# sell NPPR or cash in shares



## classychick (8 Jul 2013)

Sorry if Im on the wrong forum...

I need some advice...

We own a property in Meath that we have rented out for the past few years..the rental on it is 800e & mortgage is 960e (outstanding balance on mortgage is 110k with 12 years remaining on term) the current value on house is 190k. The current tenant is leaving at end of month.

We also have 60k+ worth of shares through my husbands job...

We owe both our parents 70k  between them -  the cost of new house ran over. Our parents gave us the loan in the understanding that we would eventually sell house in meath and repay loan..

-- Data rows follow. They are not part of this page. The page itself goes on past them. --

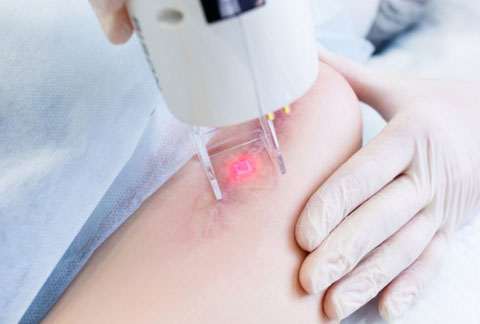 tratamiento de cicatrices con laser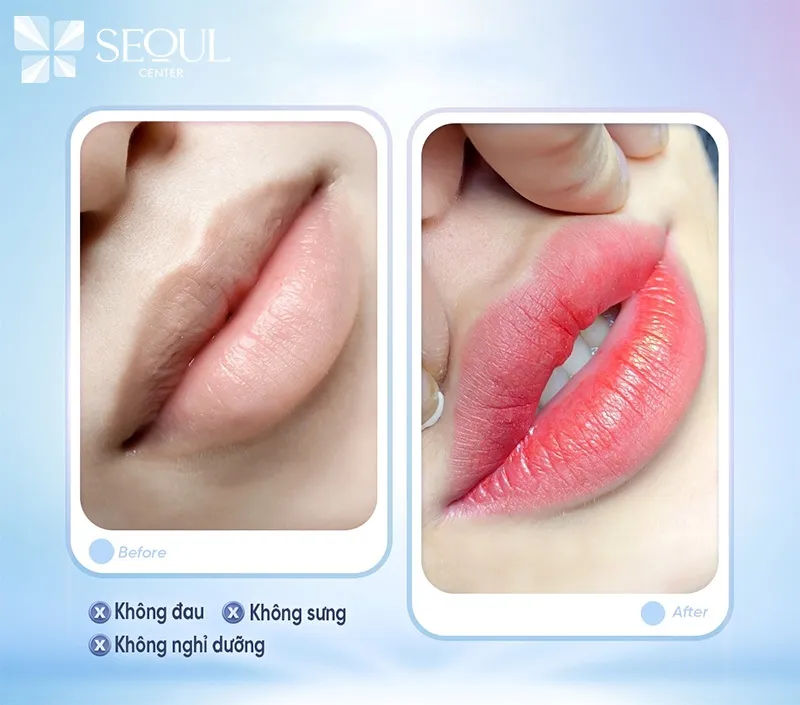 Hình ảnh môi trước và sau khi phun với hiệu ứng màu sắc tự nhiên, đều màu tại Seoul Center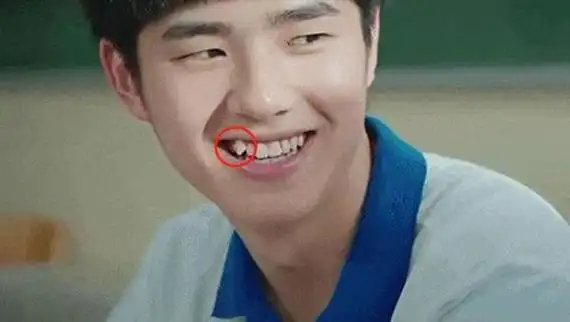 孩子的虎牙要不要拔掉 孩子矫正牙齿的最佳年级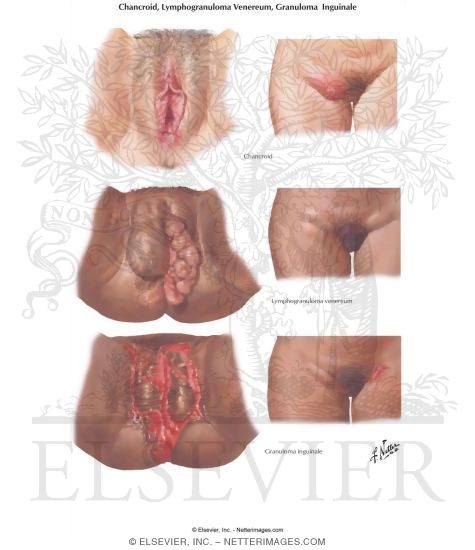 Chancroid, Lymphogranuloma Venereum, Granuloma Inguinale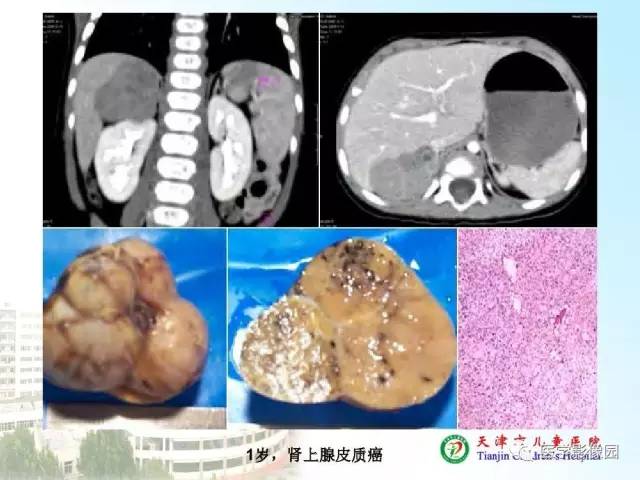 【PPT】小儿腹部肿瘤影像与病理对照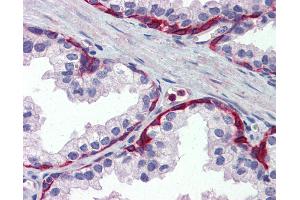 Anti-METTL7A antibody IHC of human prostate. (METTL7A antibody  (Internal Region))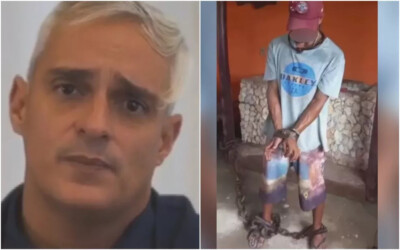 Médico acusado de racismo acorrentou funcionário simulando que a vítima era escrava. (Foto: reprodução)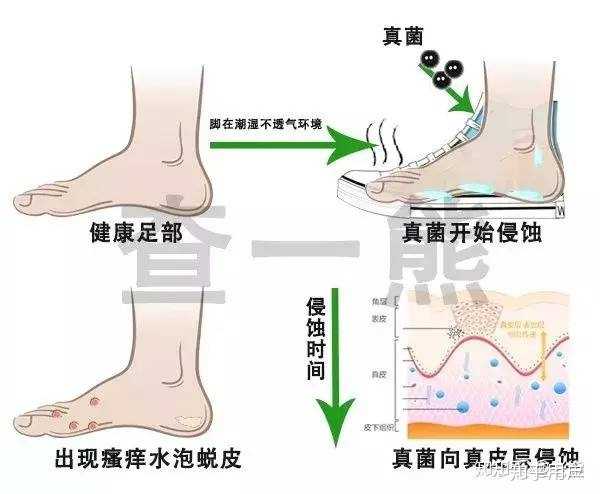 消灭脚部表皮的真菌细菌,但是一般来说,有脚气的人,都是真菌细菌已经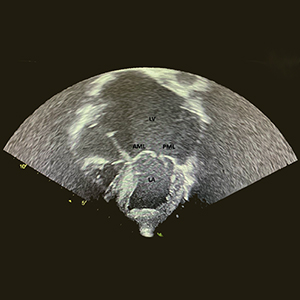 Echocardiography showing dilated left atrium and ventricle and non-coapting mitral valve leaflets.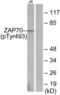 Zeta Chain Of T Cell Receptor Associated Protein Kinase 70 antibody, LS-C117511, Lifespan Biosciences, Western Blot image 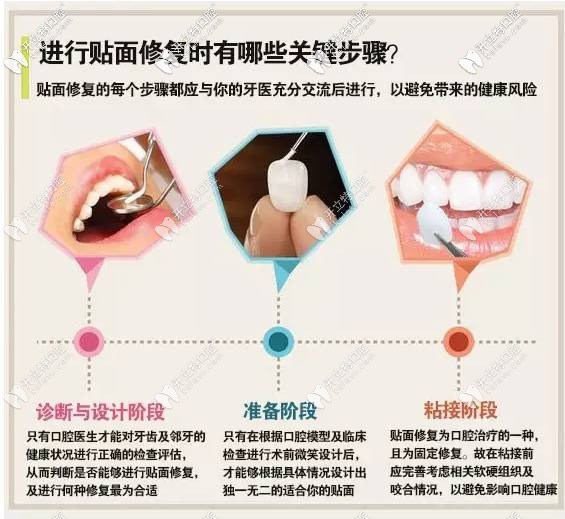 牙齿瓷贴面详细步骤和流程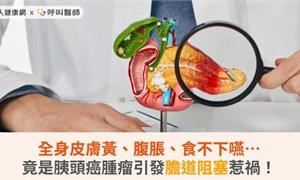 全身皮膚黃、腹脹、食不下嚥…竟是胰頭癌腫瘤引發膽道阻塞惹禍！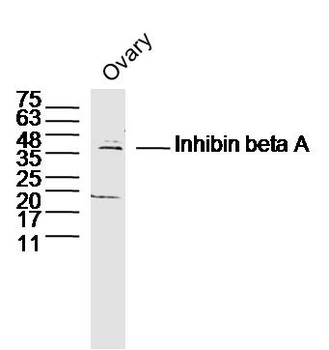 Inhibin beta A Rabbit Polyclonal Antibody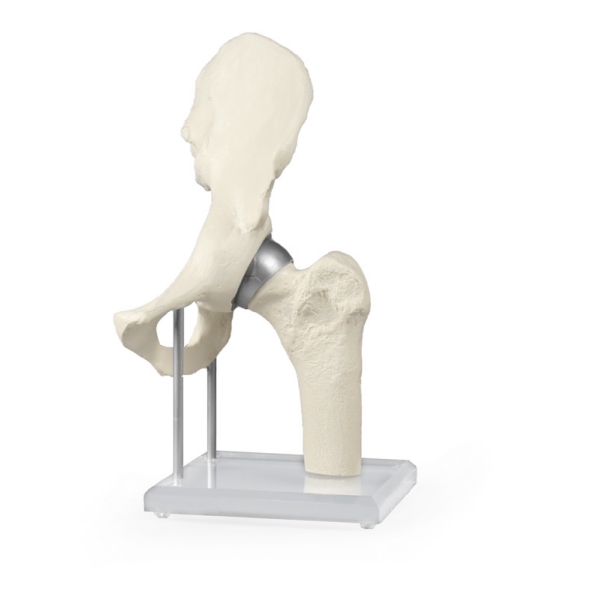 Kolčni sklep z vsadkom za obnavljanje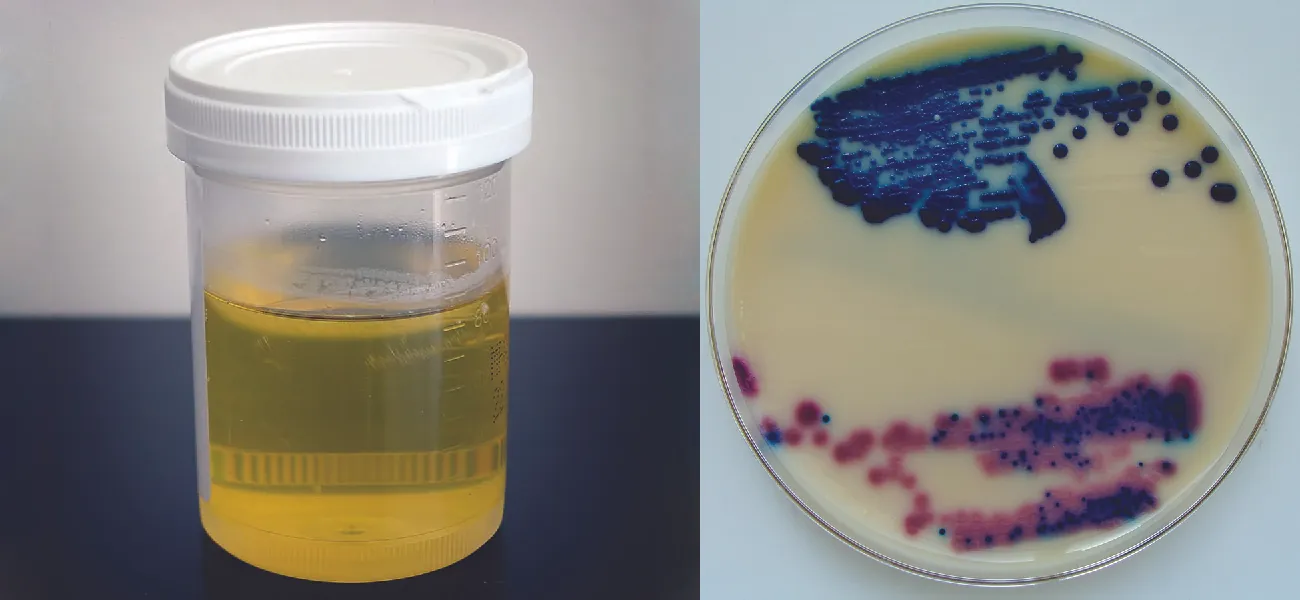 a small container filled with urine is shown on the left. The picture on the right shows a disc with a peach colored film that is spotted with red and blue spots.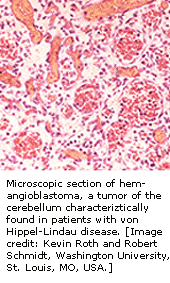 在第三条染色体上VHL基因表达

So here's the question..what is the best soloution..Cash in the shares or sell house to repay our parents..


----------



## PaddyBloggit (8 Jul 2013)

classychick said:


> .... Our parents gave us the loan in the understanding that we would eventually sell house in meath and repay loan.



Sell the house.


----------



## Billo (8 Jul 2013)

Agree with Paddy.

Cashing in shares will only give you  €60k. You need  €70k.


----------



## Joe_90 (8 Jul 2013)

You need to consider the tax implications of both.  Do you have a CGT gain or loss on the house? Is any income tax or capital gain tax issues with the sale of the shares.  Selling the shares may not be an option.


----------